Beneath Lion's Head, and the mountains known as the Twelve Apostles, Camp's Bay has one of the most beautiful settings on the Cape Peninsula. On the slopes of Lion's Head, above the pines, is a forest of silver trees, a memorable sight when they shimmer in the wind. Relatives of the protea, they are unique to the Western Cape.
Above Camp's Bay, in The Glen on Kloof Road, is the Round House. Dating from the early nineteenth century, it was the shooting box of the governor, Lord Charles Somerset. Small game was already the main attraction on the Cape Peninsula, but there were leopards as recently as the nineteen-thirties, and in the eighteen-thirties, the astronomer Sir John Herschel recorded hippos near his observatory in Claremont. (Hippos have actually been re-introduced to the Cape Peninsula's Rondevlei Bird Sanctuary, where they maintain the habitat for the birds by controlling vegetation. Leopards are still found in the Hottentots Holland mountains, within sight of Cape Town. In the nineteen-nineties, a leopard from these mountains was a common daytime sight in Betty's Bay, where it was said to sometimes prey on penguins.)
The Round House is now a small restaurant, specialising in French cuisine. Here, according to the late historian Eric Rosenthal, "the shade of the mysterious Dr. James Barry has been observed on many occasions." Dr. Barry also roams the surrounding mountains. Lawrence Green described the spirit as "a fragile-looking ghost in British military uniform."

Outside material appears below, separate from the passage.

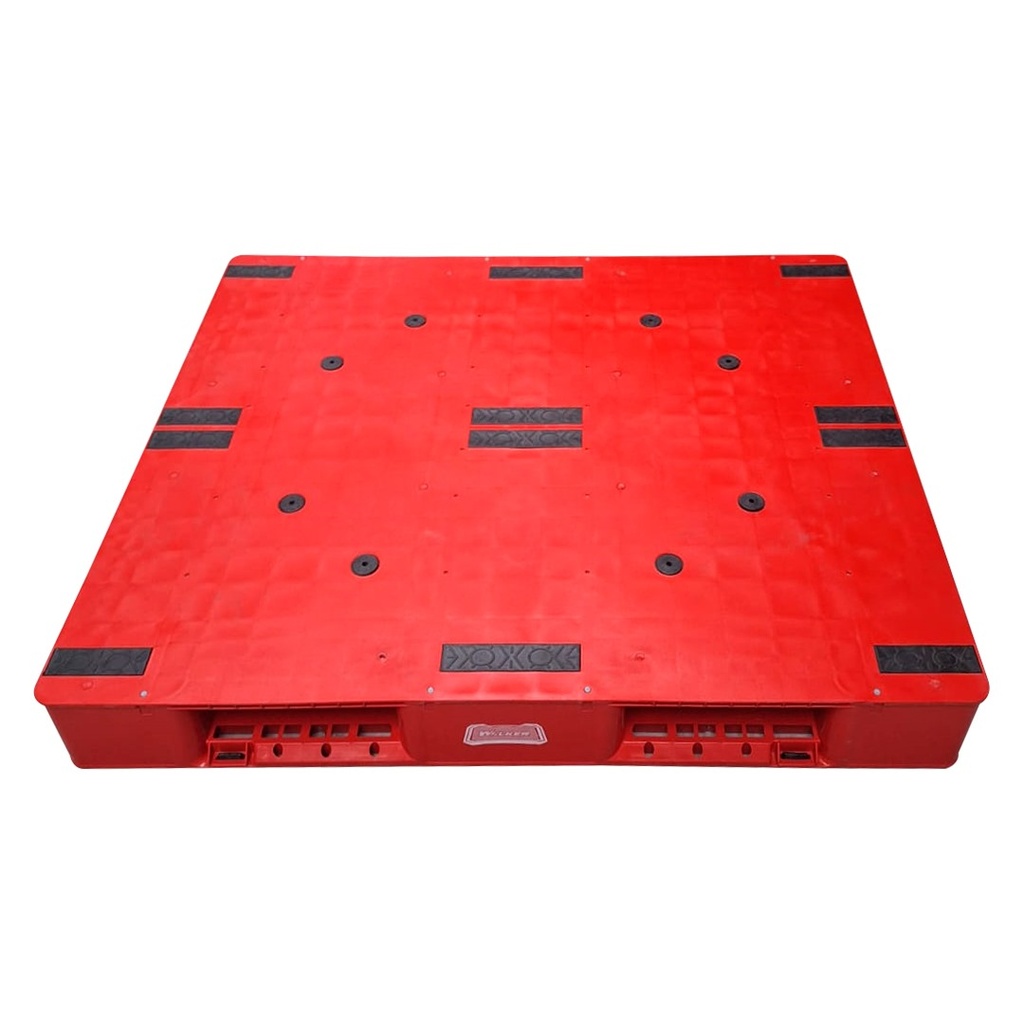 PALLET DE PLASTICO CON VARILLAS DE ACERO REFORZADAS / 120 cm x 100 cm x 15 cm - WELKER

According to Lawrence Green, Barry arrived at the Cape in 1817, when he would have been about twenty-two. Other sources give the year 1815, but Barry had acquired considerable experience by the time he had reached South Africa. Red-haired, he wore three-inch soles on his shoes, and his shoulders seemed to be padded with cotton wool, so that the Malay people called him the "Kapok Doctor". Barry had studied at Edinburgh University, sponsored by the Earl of Buchan. Graduating at the age of eighteen, he served in Spain and Belgium, possibly at Waterloo. Afterwards, he served in India, before being posted to the Cape.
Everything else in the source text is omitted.